PROVIDED RECORDS Block Start
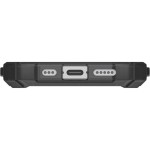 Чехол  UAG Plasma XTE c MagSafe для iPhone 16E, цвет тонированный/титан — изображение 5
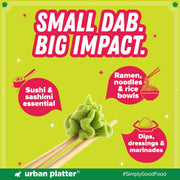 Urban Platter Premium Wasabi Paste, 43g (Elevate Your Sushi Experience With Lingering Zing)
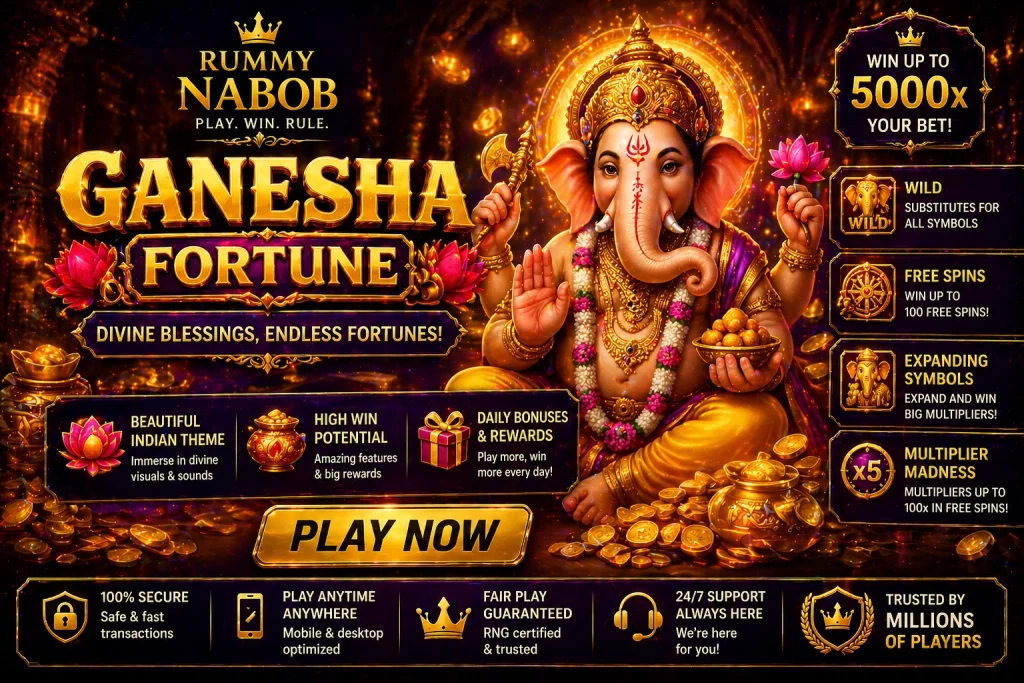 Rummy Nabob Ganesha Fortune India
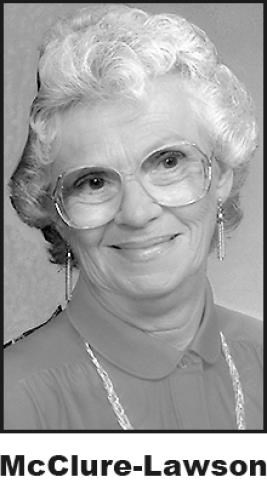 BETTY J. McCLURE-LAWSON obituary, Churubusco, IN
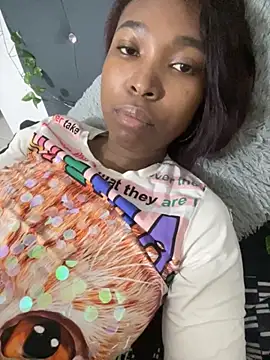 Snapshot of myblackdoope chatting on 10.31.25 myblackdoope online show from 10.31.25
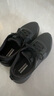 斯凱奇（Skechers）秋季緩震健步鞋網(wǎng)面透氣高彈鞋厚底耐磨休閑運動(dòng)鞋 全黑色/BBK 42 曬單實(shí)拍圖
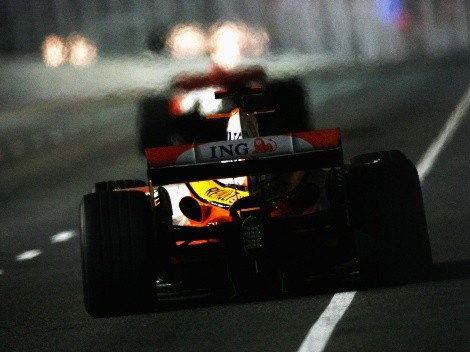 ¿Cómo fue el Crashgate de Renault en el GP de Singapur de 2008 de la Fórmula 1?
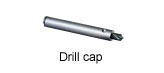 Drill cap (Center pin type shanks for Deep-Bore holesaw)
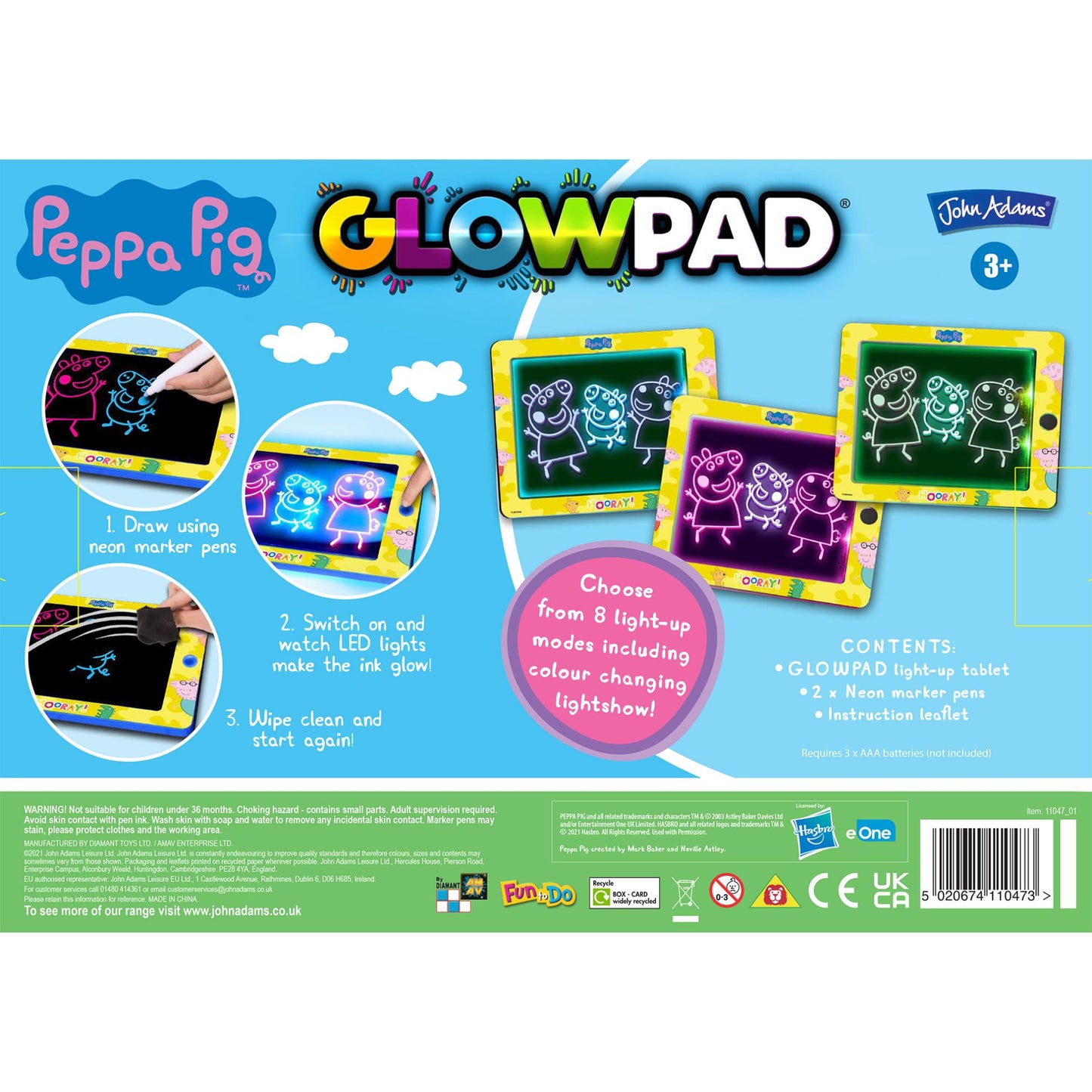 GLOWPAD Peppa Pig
PROVIDED RECORDS Block End
PROVIDED RECORDS Block Start
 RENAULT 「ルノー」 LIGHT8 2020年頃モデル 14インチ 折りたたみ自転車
PROVIDED RECORDS Block End
REQUIRED WORK =>
Starting with the line that contains "тонированный/титан — изображение 5" and finishing with the line that contains "GLOWPAD Peppa Pig", reproduce every line of the material above exactly, but not the pictures.

SOLUTION TO THIS PROBLEM =>
 Чехол  UAG Plasma XTE c MagSafe для iPhone 16E, цвет тонированный/титан — изображение 5
 Urban Platter Premium Wasabi Paste, 43g (Elevate Your Sushi Experience With Lingering Zing)
 Rummy Nabob Ganesha Fortune India
 BETTY J. McCLURE-LAWSON obituary, Churubusco, IN
 Snapshot of myblackdoope chatting on 10.31.25 myblackdoope online show from 10.31.25
 斯凱奇（Skechers）秋季緩震健步鞋網(wǎng)面透氣高彈鞋厚底耐磨休閑運動(dòng)鞋 全黑色/BBK 42 曬單實(shí)拍圖
 ¿Cómo fue el Crashgate de Renault en el GP de Singapur de 2008 de la Fórmula 1?
 Drill cap (Center pin type shanks for Deep-Bore holesaw)
 GLOWPAD Peppa Pig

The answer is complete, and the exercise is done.